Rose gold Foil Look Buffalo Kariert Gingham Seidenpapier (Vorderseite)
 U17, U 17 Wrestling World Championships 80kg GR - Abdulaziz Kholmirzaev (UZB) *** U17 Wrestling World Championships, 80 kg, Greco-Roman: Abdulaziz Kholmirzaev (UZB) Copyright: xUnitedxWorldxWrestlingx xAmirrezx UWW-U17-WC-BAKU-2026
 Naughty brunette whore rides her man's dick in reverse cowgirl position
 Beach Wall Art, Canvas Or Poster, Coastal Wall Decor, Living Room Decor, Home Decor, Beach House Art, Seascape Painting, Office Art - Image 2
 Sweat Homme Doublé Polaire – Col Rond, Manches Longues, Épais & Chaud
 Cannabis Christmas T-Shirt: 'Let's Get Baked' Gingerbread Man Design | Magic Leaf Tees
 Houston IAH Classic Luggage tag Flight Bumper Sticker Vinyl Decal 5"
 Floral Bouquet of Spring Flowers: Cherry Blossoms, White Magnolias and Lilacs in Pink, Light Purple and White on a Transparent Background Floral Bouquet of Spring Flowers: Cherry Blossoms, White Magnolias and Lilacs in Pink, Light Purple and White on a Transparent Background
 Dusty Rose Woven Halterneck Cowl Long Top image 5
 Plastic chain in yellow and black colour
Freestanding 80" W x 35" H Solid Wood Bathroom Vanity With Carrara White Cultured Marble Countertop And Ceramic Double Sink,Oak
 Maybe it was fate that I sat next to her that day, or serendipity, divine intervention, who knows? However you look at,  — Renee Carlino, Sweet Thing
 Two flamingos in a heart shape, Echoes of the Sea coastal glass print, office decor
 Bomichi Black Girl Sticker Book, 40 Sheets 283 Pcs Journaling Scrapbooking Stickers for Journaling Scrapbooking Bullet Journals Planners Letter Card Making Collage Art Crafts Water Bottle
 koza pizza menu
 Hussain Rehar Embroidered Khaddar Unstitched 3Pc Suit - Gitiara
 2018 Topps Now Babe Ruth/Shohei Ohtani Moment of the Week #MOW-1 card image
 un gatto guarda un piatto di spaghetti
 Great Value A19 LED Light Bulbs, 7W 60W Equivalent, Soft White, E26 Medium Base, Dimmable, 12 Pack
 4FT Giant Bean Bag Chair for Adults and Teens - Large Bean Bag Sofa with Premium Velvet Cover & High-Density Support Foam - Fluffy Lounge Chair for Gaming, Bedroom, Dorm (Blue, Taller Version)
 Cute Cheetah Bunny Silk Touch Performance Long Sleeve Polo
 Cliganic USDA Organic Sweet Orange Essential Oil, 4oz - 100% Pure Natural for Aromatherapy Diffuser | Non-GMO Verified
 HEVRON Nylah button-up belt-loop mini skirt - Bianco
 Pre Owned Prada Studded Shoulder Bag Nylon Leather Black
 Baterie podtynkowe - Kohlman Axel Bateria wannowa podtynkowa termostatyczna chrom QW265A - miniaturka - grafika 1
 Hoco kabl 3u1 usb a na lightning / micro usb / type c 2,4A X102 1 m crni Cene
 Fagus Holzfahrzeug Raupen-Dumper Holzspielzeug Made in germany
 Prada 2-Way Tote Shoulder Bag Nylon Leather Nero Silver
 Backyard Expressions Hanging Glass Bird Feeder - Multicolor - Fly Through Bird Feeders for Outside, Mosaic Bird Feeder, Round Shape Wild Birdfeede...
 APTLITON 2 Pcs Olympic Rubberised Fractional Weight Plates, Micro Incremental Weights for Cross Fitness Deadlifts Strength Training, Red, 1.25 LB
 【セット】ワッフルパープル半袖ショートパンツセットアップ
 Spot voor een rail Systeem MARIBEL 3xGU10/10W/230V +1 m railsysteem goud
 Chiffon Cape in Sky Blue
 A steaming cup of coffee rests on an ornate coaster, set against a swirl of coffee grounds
....
*DIRECTIONS*. When you reach the line with "un gatto guarda un piatto di spaghetti" in the records above, start writing out lines exactly, and stop once the line with "Great Value A19" has been written; include nothing else.

*OUTPUT OF THE EXERCISE*.
 un gatto guarda un piatto di spaghetti
 Great Value A19 LED Light Bulbs, 7W 60W Equivalent, Soft White, E26 Medium Base, Dimmable, 12 Pack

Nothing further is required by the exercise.